__Exercise instructions__. Everything from the line containing "Long Lasting Waterproof" through the last line of the data below is to be retyped exactly, apart from the pictures.
━━ Records for this exercise
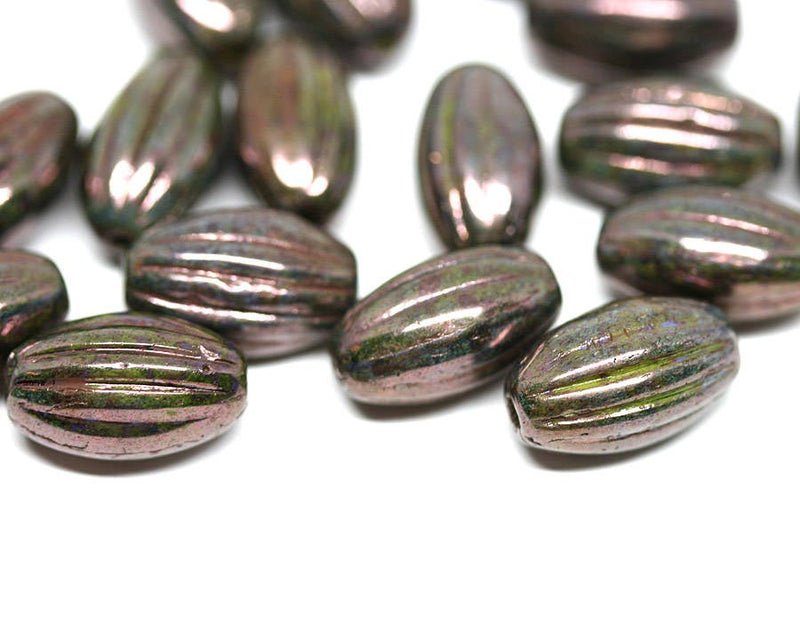 14x8mm Dark Bronze oval carved large czech glass barrel beads Luster coating - 8Pc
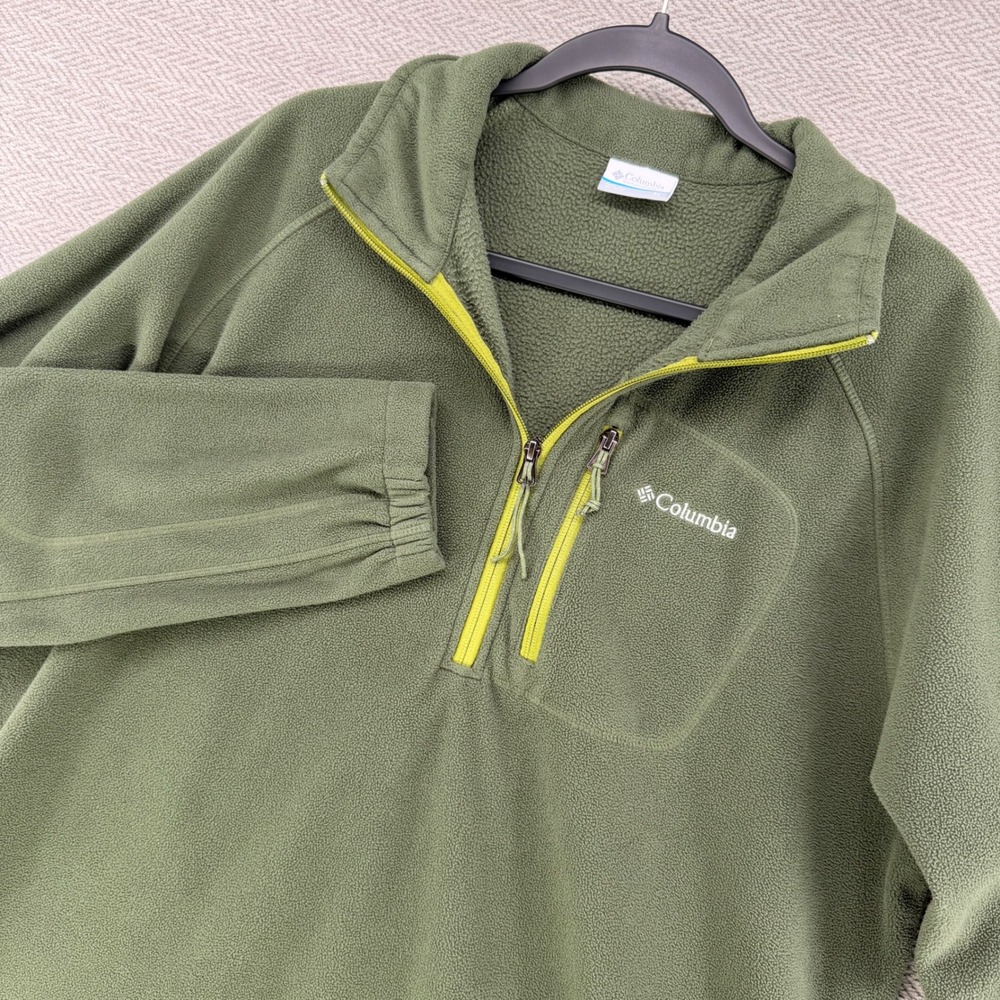 Columbia Mens XL Olive Green Fleece Quarter Zip Pullover Jacket Warm Hiking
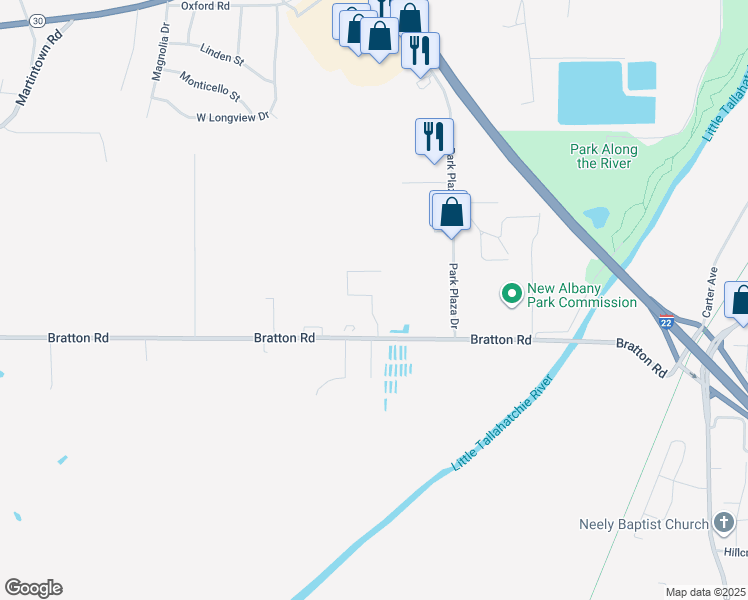 map of restaurants, bars, coffee shops, grocery stores, and more near 1119 Bratton Road in New Albany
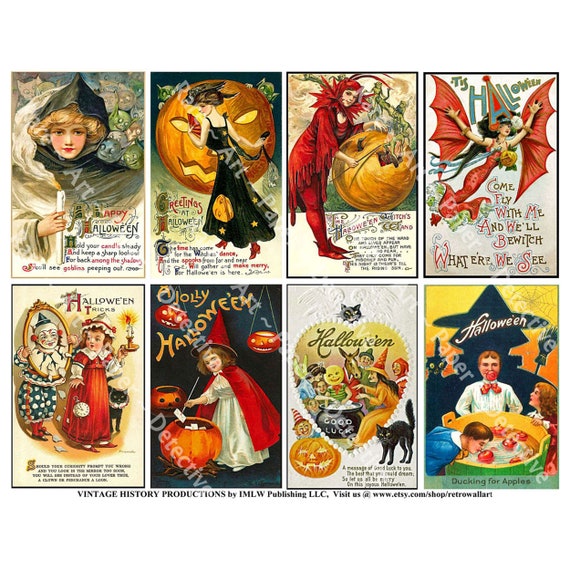 Halloween Vintage Tags Glossy Finish Card Topper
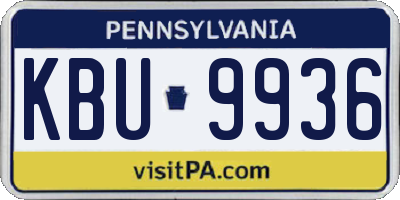 PA license plate KBU9936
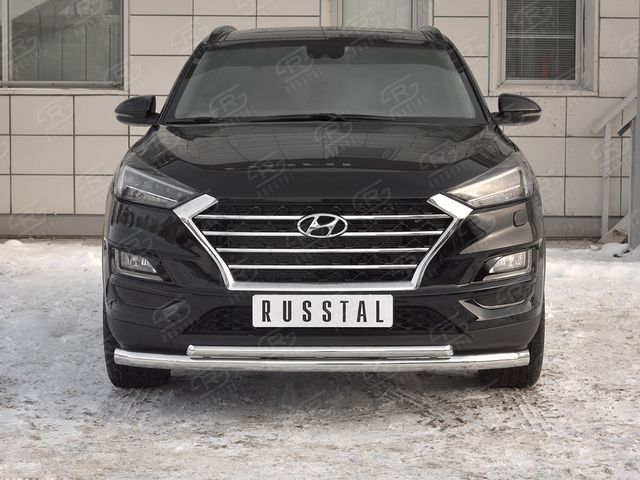 Защита RusStal переднего бампера d63 дуга-d42 дуга для Hyundai Tucson III рестайлинг 2018-2026. Артикул HTZ-003093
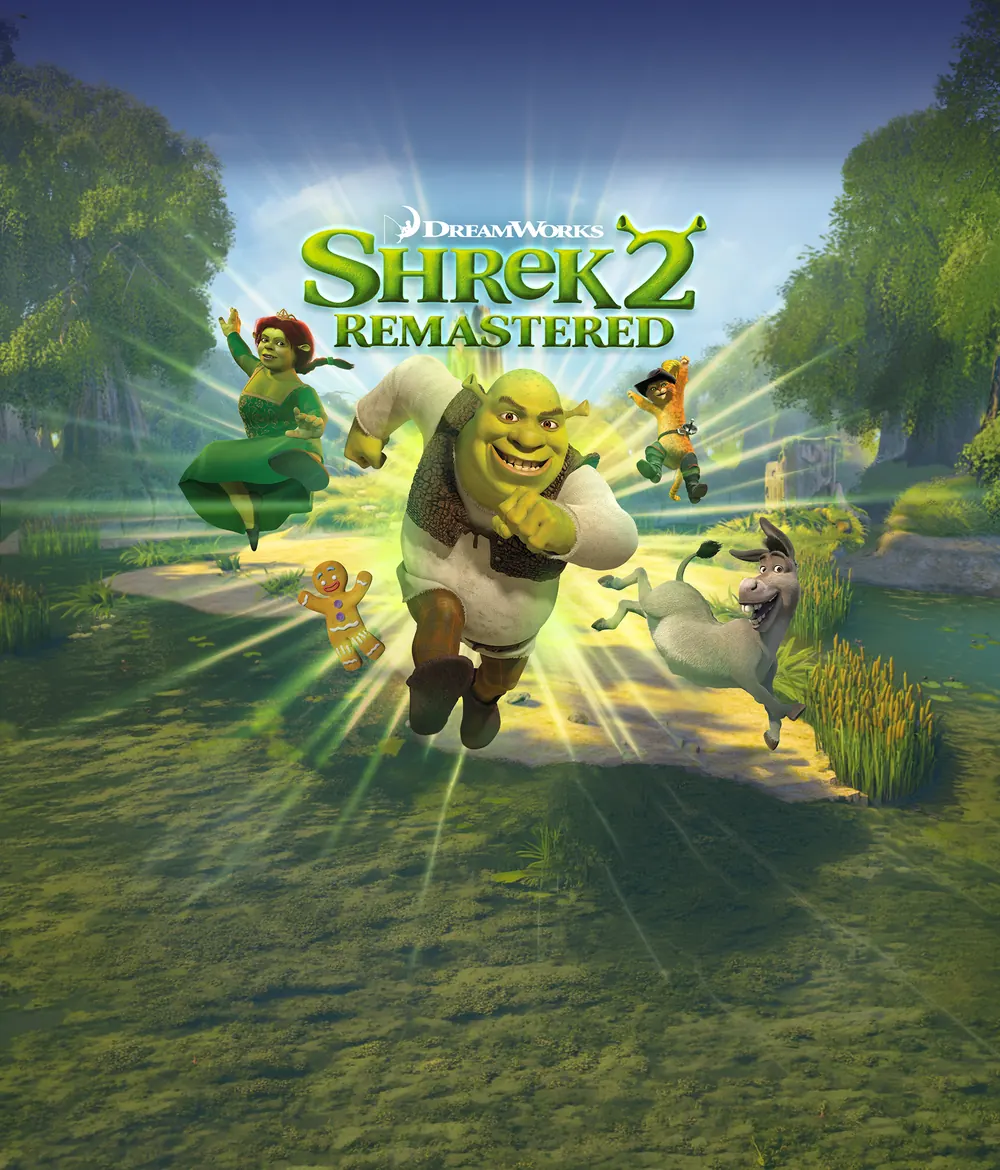 The DreamWorks Shrek 2 Remastered logo above Shrek, Fiona, Donkey, Puss in Boots and Gingy charging out of the forest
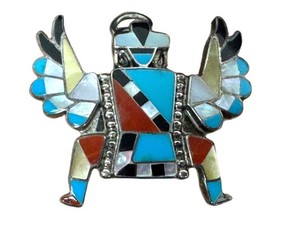 Vintage Southwest Inlay Brooch Pendant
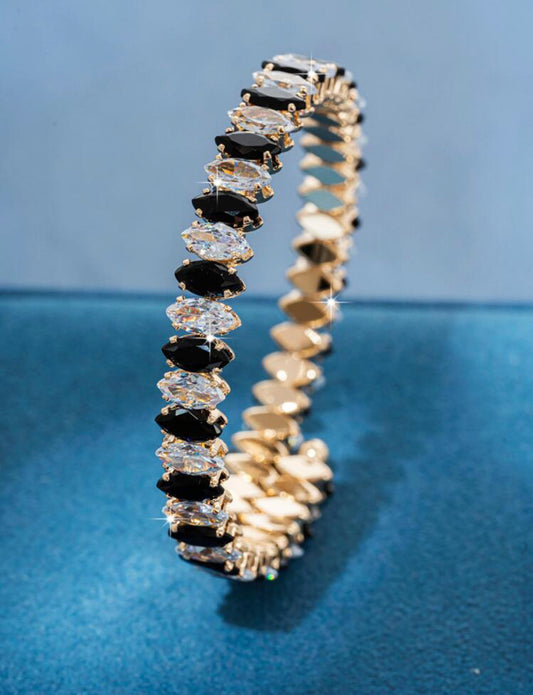 Gorgeous Black & White Cat's Eye Spacer Bracelet For Women Wedding Party Jewelry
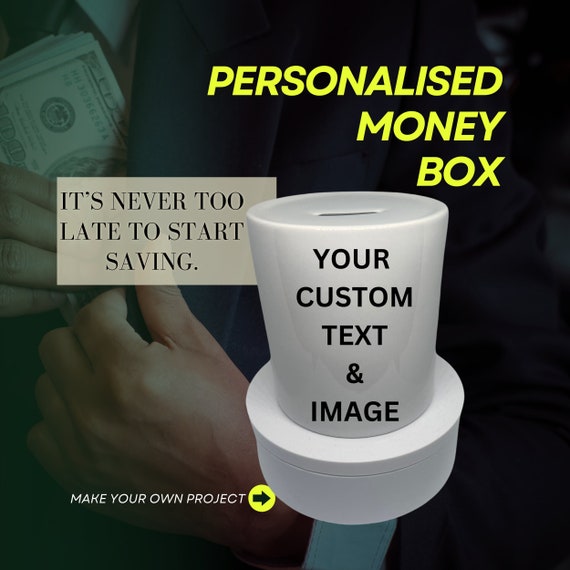 Custom Ceramic Piggy Bank: Personalized Text & Image, Kids Gift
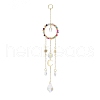 Natural Agate Woven Net/Web with Feather Window Hanging Suncatchers HJEW-JM00852-04-2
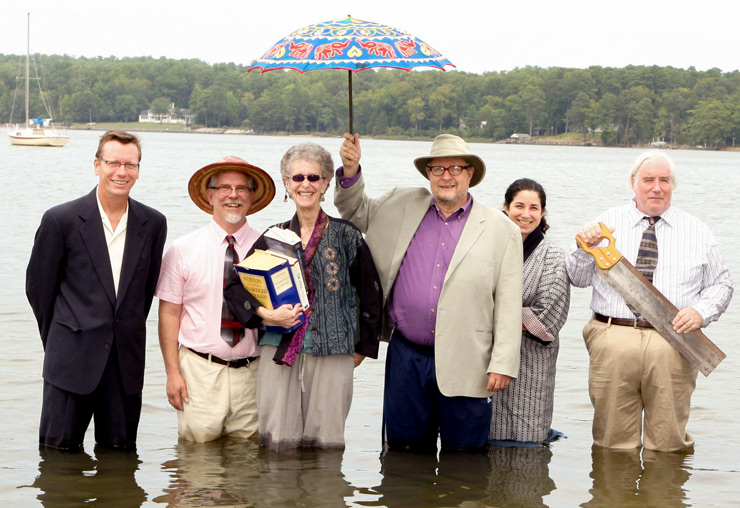 A photo of Joanne and the rest of the TFMS department. (L to R: David Ellsworth; Mark A. Rhoda; Joanne Klein, chair; Michael Ellis-Tolaydo, emeritus; Holly A. Blumner; David V. Groupé). Photo courtesy of smcm.edu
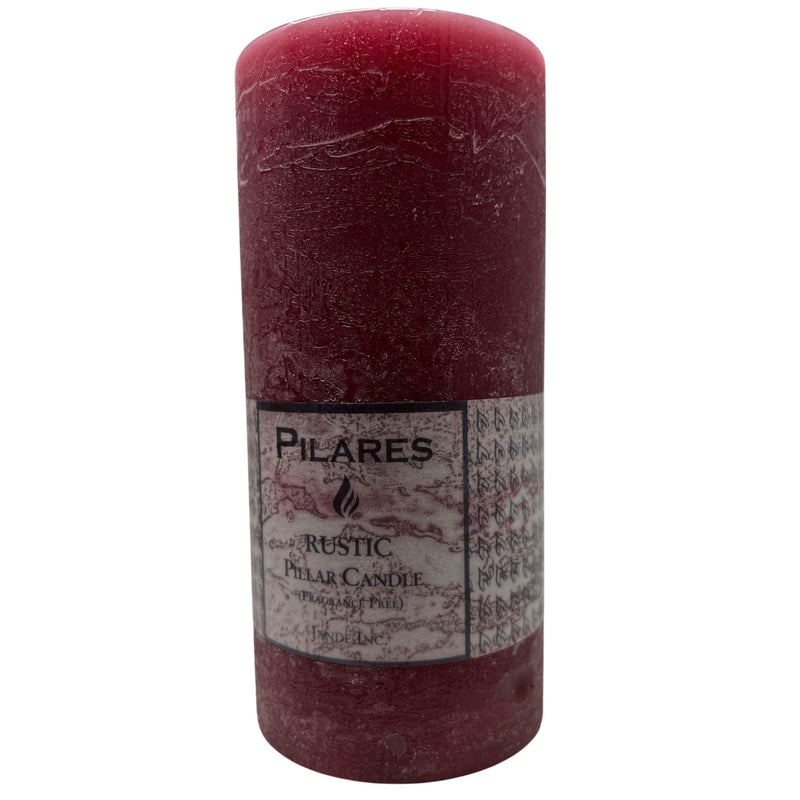 Rustic Pillar Candle - 6 Inch Bordeaux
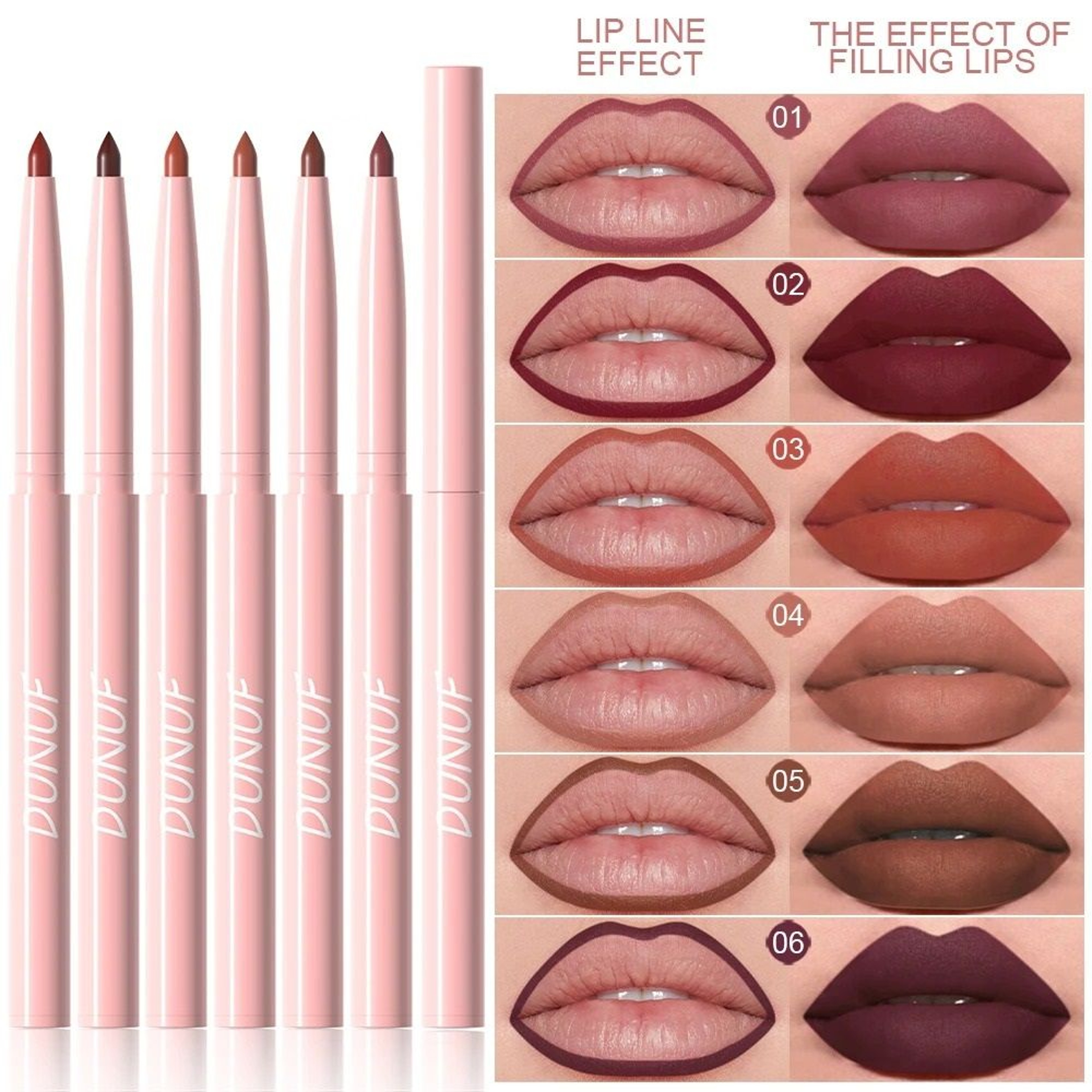 Long Lasting Waterproof Lip Liner Pen Set 6 Pieces For Precise Color Makeup 6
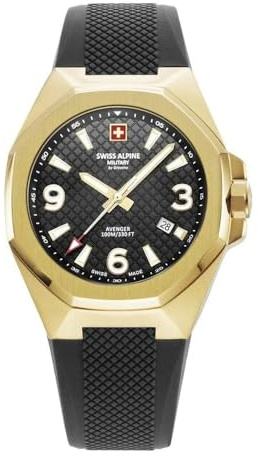 swiss alpine military 7005.1 - Reloj analógico de Cuarzo para Hombre (Silicona), Dorado/Negro/Negro - 1817sam, Correa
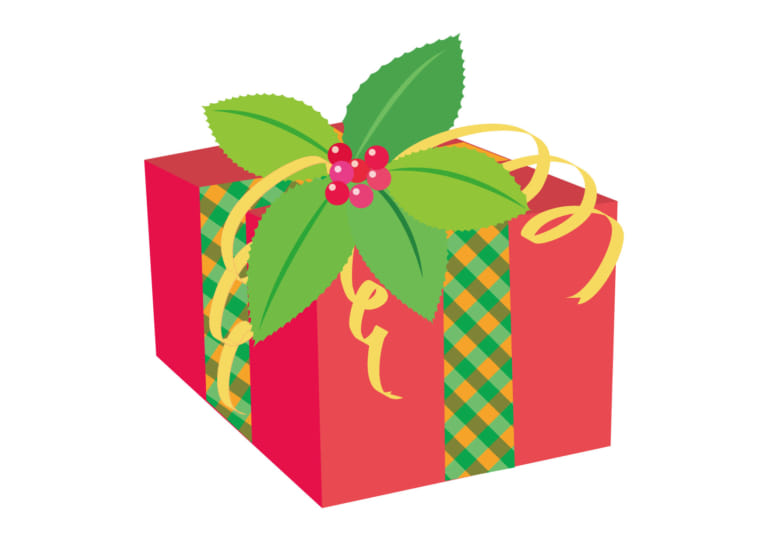 可愛いイラスト無料 クリスマスプレゼント 赤色 ポインセチア Free Illustration Christmas Gift Red Poinsettia 公式 イラスト素材サイト イラストダウンロード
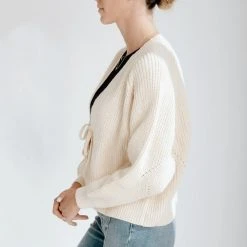 Piper & Scoot The Garda Front Tie Cardigan In Cream
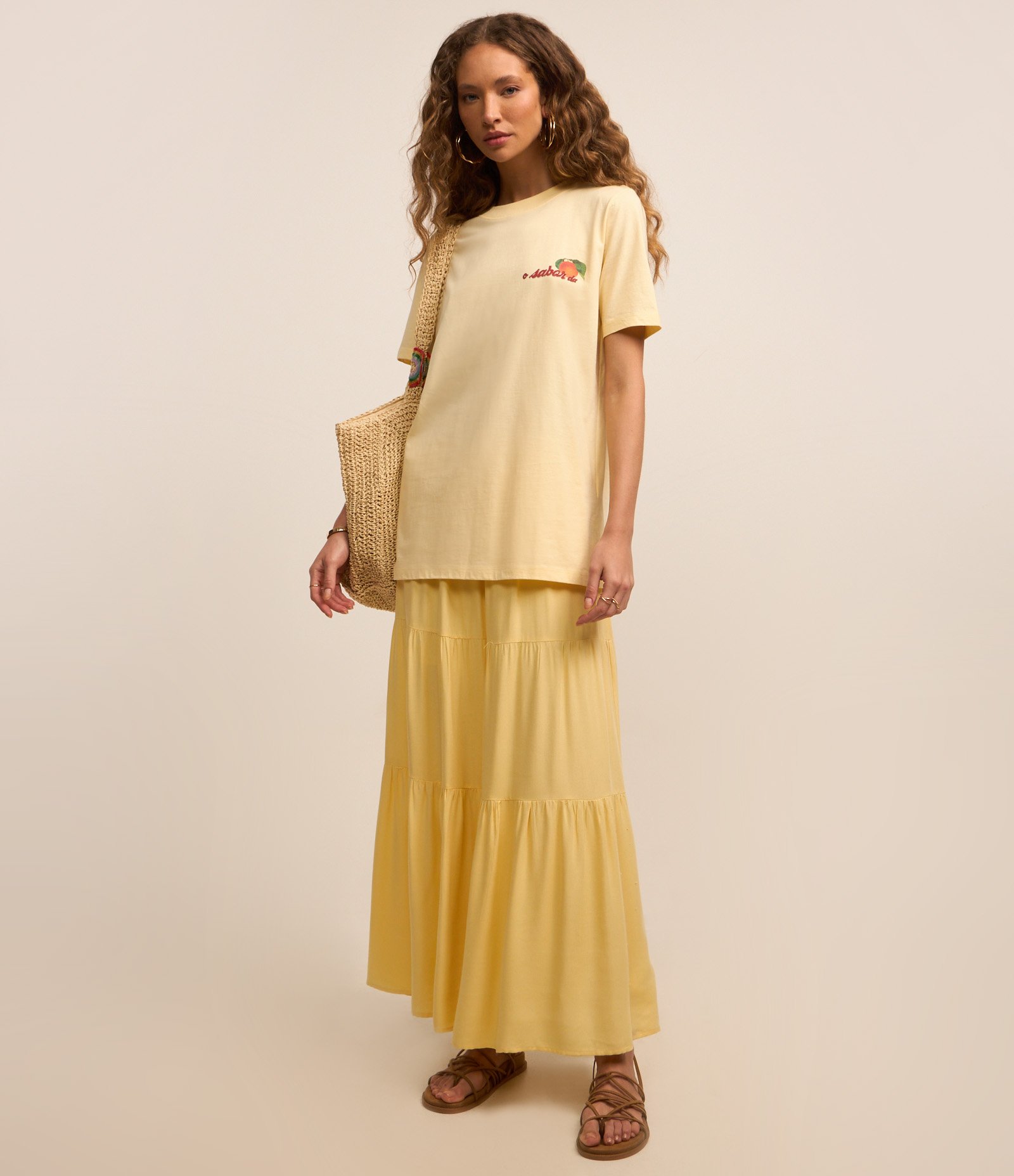 Camiseta Alongada em Algodão com Estampa Laranjinha Bege 2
━━━━
__Your solution__.
 Long Lasting Waterproof Lip Liner Pen Set 6 Pieces For Precise Color Makeup 6
 swiss alpine military 7005.1 - Reloj analógico de Cuarzo para Hombre (Silicona), Dorado/Negro/Negro - 1817sam, Correa
 可愛いイラスト無料 クリスマスプレゼント 赤色 ポインセチア Free Illustration Christmas Gift Red Poinsettia 公式 イラスト素材サイト イラストダウンロード
 Piper & Scoot The Garda Front Tie Cardigan In Cream
 Camiseta Alongada em Algodão com Estampa Laranjinha Bege 2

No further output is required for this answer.